In this circuit, you’ll learn about how to use an LCD. An LCD, or liquid crystal display, is a simple screen that can display commands, bits of information, or readings from your sensor - all depending on how you program your board. In this circuit, you’ll learn the basics of incorporating an LCD into your project.

Parts Needed

You will need the following parts:

  • 1x Breadboard
  • 1x Galileo
  • 1x Potentiometer
  • 1x LCD
  • 16x Jumper Wires

If you are following through all of the SIK Galileo tutorials we suggest using these parts:

Breadboard - Self-Adhesive (White)

Breadboard - Self-Adhesive (White)

Trimpot 10K Ohm with Knob

Trimpot 10K Ohm with Knob

Basic 16x2 Character LCD - White on Black 5V

Basic 16x2 Character LCD - White on Black 5V

Jumper Wires Standard 7" M/M - 30 AWG (30 Pack)

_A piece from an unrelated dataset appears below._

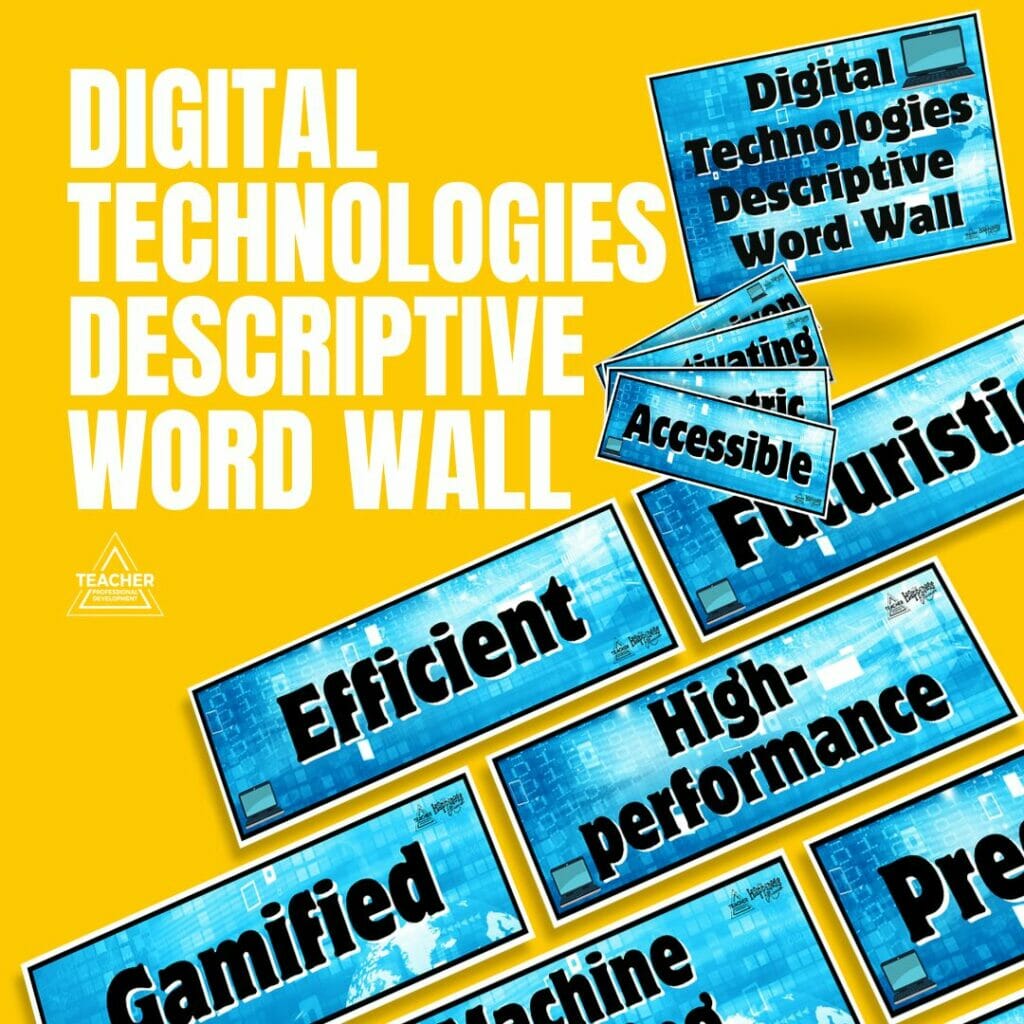 Automotive Beat the Box Teacher Resource Game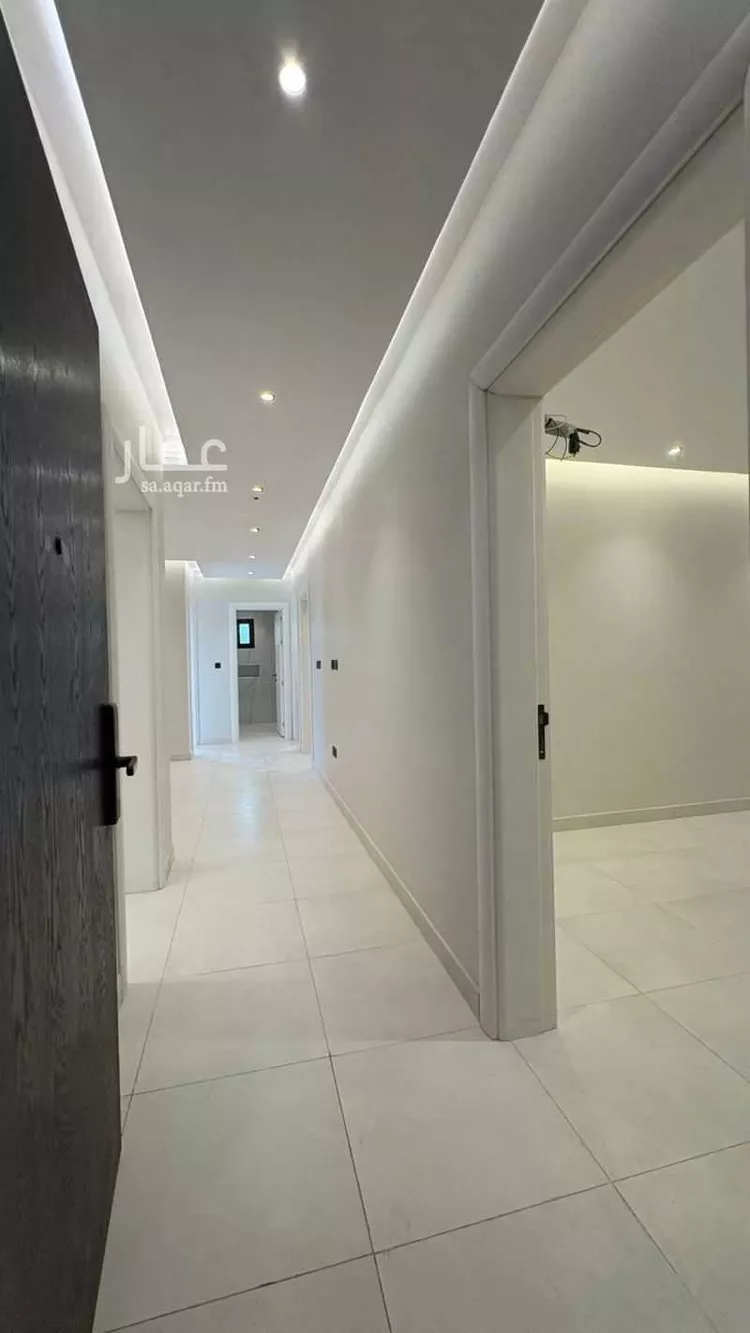 شقة للبيع في شارع جمال ابن عبدالله شيخ, حي الواحة, مدينة جدة, منطقة مكة المكرمة صورة 3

Jumper Wires Standard 7" M/M - 30 AWG (30 Pack)


Intel® Galileo


View the SparkFun Inventor's Kit for Galileo wishlist, to see the parts needed to go through the all the experiments.

Hardware Hookup

Ready to start hooking everything up? Check out the Fritzing diagram below, to see how everything is connected. Pay special attention to the component’s markings indicating how to place it on the breadboard. Polarized components can only be connected to a circuit in one direction.

Fritzing Diagram

Fritzing LCD

Having a hard time seeing the circuit? Click on the Fritzing diagram to see a bigger image.

Code To Note

#include <LiquidCrystal.h>

This bit of code tells your Arduino IDE to include the library for a simple LCD display. Without it, none of the commands will work, so make sure you include it!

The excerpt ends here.